Sa décision est prise : au 1er décembre, ce gardien de la paix en poste au commissariat du Kremlin-Bicêtre (Val-de-Marne) quitte la police. Avec sa compagne, ils ont prévu d’émigrer en janvier 2023 au Québec, une province qu’il imagine plus « épargnée par la diversité » que la France. Là-bas, il compte se reconvertir dans l’informatique.

Ça fait quatre ans que je suis dans la police, j’ai mis en garde à vue cinq personnes au total dont le prénom était français ou occidental disons », affirme-t-il le 31 août. « Tout le reste c’est du prénom africain/maghrébin ou pays de l’Est. »

Quatre mois avant son départ, Auxane J. a rejoint un canal confidentiel sur la messagerie instantanée Telegram, « Membres Nomos-TV », réunissant un peu plus de deux cents abonnés payants à la « première webtélé patriote du Québec ». Nomos-TV a été montée par Alexandre Cormier-Denis, figure de l’extrême droite québécoise issue du souverainisme. Il anime lui-même le canal Telegram réservé aux membres, approuvés un par un.

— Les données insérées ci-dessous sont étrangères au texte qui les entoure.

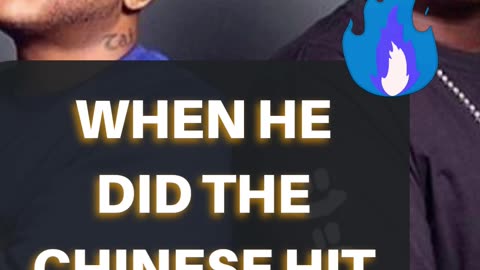 Jadakiss & Styles P 🔥 “Block Work” 💼 #Jadakiss #StylesP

Lorsqu’il intègre le groupe, Auxane J. ne fait pas mystère de sa profession. On pourrait même dire qu’il s’en vante. Entre deux demandes de conseil sur les quartiers où s’installer, l’acquisition d’une voiture ou les subtilités de l’échiquier politique québécois, le jeune homme donne des gages de sa bonne volonté idéologique et chronique son quotidien au commissariat. Avec une ligne directrice : ses « clients » habituels, les délinquants qu’il ramène au commissariat, sont des Noirs et des Arabes.

En trois mois, le gardien de la paix poste la photo ou la vidéo de treize personnes interpellées et placées sous sa garde, généralement menottées au banc du commissariat. Il les surnomme ses « génies », pour souligner leur bêtise. Sur demande de ses camarades virtuels, qu’il n’a a priori jamais rencontrés, il livre les motifs de leur garde à vue et leurs antécédents judiciaires.

Son manque de discrétion – Auxane J. donne de nombreuses indications permettant de l’identifier et pose en uniforme, face à un miroir – a attiré l’attention d’un groupe antifasciste montréalais infiltré dans le canal Telegram. Le 8 décembre, ces militants consacrent un article très documenté à Auxane J., « le policier raciste qui s’en vient vivre à Québec », en croisant ses publications dans le groupe et sur d’autres réseaux sociaux. La publication déclenche une vague de panique dans le canal Telegram de Nomos-TV, sur lequel le policier cesse de s’exprimer dès le lendemain.

La préfecture de police de Paris indique qu’à la suite de « la parution de l’article de presse québécoise, le préfet de police a signalé ce gardien de la paix à l’autorité judiciaire le 26 décembre 2022, au titre de l’article 40 du Code de procédure pénale, son comportement pouvant relever de qualifications pénales ».

D’après ses propres déclarations sur Telegram, il a exercé la profession de policier pendant quatre ans et a fait partie d’une brigade anticriminalité. Il affirme être intervenu lors de l’attentat de Villejuif (le 3 janvier 2020), au sein de l’équipage qui a « tiré » sur le terroriste et l’a « abattu ». La préfecture de police n’a pas répondu à nos questions sur le déroulement de sa carrière. Elle précise en revanche que « le comportement de cet agent, en position de disponibilité depuis le 1er décembre 2022, n’avait auparavant jamais été signalé à sa hiérarchie ».